CORE DIRECTORY // SYSTEM.USER.DIANA_ISMAIL
Labs by Diana — Experiments that ship.
Side projects that got out of hand. AI tools built for problems I kept tripping over — now live, now yours.
A Playbook for Multi-Project AI Teams
ARTICLE_004
PUBLISHED
2026.04.13
READ
~8 MIN
Parts 1 and 2 documented the system and the rules. This article is the implementation guide. Every published AI governance playbook targets enterprise compliance teams -- risk taxonomies, RACI matrices, lifecycle frameworks. None of them answer the practical questions: how do you write your first CLAUDE.md, how do you decide what goes global versus project-scoped, how do you onboard an agent to a codebase it has never seen, and how do you know whether your governance is actually working six weeks later.
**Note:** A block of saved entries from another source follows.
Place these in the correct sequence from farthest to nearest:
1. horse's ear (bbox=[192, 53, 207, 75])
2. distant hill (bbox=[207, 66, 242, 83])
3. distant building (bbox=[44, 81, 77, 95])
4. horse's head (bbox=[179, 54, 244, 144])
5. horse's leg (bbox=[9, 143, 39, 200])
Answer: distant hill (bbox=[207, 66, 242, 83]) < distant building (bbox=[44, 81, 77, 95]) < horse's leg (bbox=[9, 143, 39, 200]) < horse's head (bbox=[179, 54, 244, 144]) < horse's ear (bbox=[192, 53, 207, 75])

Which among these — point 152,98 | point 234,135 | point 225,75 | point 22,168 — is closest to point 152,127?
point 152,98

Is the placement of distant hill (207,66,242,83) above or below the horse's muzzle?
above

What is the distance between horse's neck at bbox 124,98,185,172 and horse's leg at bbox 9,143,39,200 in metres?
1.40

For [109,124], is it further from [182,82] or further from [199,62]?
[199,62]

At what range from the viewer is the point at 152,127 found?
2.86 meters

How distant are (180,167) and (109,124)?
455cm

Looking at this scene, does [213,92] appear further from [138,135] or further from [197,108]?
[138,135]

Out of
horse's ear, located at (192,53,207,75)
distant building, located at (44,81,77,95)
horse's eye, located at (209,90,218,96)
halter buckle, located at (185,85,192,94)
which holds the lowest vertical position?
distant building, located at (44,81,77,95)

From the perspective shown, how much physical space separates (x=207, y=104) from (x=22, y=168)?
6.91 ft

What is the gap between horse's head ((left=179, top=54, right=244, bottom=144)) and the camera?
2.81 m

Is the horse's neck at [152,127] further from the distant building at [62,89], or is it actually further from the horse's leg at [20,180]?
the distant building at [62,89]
This article fills that gap. It walks through the setup from an empty directory to a functioning multi-project governance system, documents the five failure modes that practitioners encounter most consistently when scaling AI-assisted development, and provides a health checklist using proxy metrics that no published framework includes. Everything described here is drawn from the system running across fourteen projects in production -- not from theory, not from enterprise recommendations, but from what actually worked and what had to be fixed when it didn't.
The_Missing_Layer
There is no shortage of AI governance frameworks. Microsoft released the Agent Governance Toolkit in April 2026 for runtime security policy enforcement. IAPS published a 63-page field guide with a five-part intervention taxonomy. Arthur.ai, EY, and Superwise all have playbooks with RACI models and lifecycle management steps. Every one of them targets enterprise compliance teams.
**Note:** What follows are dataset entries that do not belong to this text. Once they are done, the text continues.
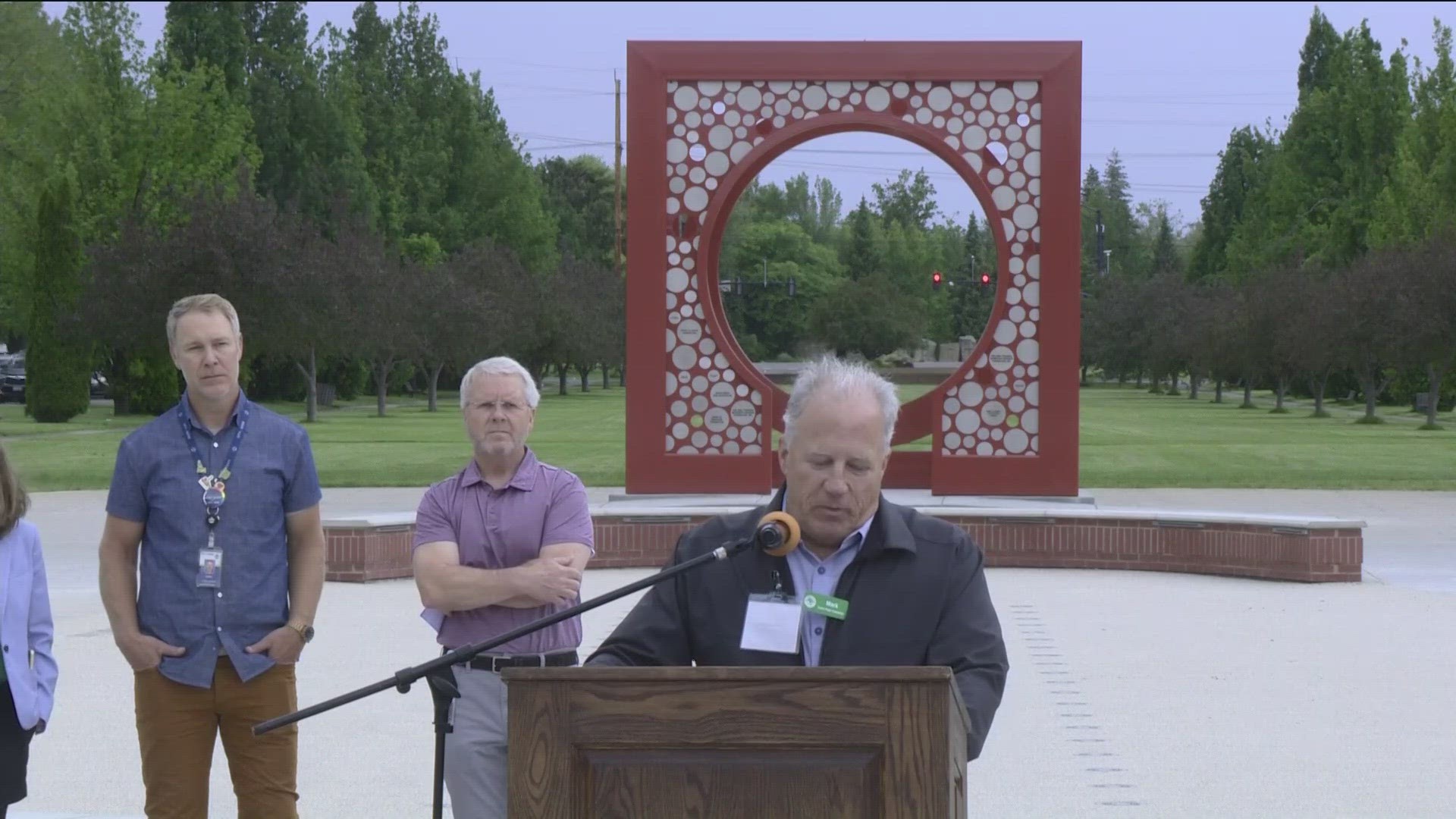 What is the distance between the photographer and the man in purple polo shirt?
171 inches

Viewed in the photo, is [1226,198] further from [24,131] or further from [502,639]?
[502,639]

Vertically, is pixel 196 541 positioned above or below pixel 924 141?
below

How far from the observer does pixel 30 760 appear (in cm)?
693

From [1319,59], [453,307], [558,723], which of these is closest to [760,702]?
[558,723]

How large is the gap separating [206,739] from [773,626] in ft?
6.60

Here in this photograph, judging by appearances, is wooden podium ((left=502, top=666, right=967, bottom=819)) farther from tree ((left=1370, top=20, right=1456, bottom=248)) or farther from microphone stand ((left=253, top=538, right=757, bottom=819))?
tree ((left=1370, top=20, right=1456, bottom=248))

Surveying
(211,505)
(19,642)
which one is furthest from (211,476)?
(19,642)

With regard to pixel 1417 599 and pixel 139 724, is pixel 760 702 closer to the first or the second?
pixel 139 724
None of them tell you how to write a CLAUDE.md file. None explain how to structure rules across five repositories so conventions stay consistent. None address what happens when an agent enters a codebase for the first time and has to figure out where to start.
The gap is not at the policy level -- it is at the practitioner level. The frameworks assume the governance infrastructure already exists and focus on monitoring and enforcement. For a solo operator or small team building with AI agents, the infrastructure is the entire problem. This article is the setup guide that the enterprise playbooks skip.
The_Three-File_Foundation
The minimum viable governance system is three files. The first is a global rules file at ~/.claude/CLAUDE.md. This is the baseline -- conventions that apply to every project regardless of stack or domain. In my system, this covers TypeScript strict mode, Zod validation for all API payloads, Conventional Commits, WCAG 2.1 AA accessibility, security practices (no hardcoded secrets, parameterised queries, no exposed stack traces), and agent coordination rules (specialists don't delegate to each other, cross-project decisions route through the owner). It runs about 60 lines. Every convention here is something I never want to restate per project.
The second file is a project CLAUDE.md in each repository root. This documents what makes this codebase different from every other one -- the stack, the architecture patterns, the build commands, the error handling conventions, the git workflow. Labs documents its chat engine layer and CSS custom property system. GEO Audit documents its API route structure and Machine Clarity design system. These files run under 200 lines each.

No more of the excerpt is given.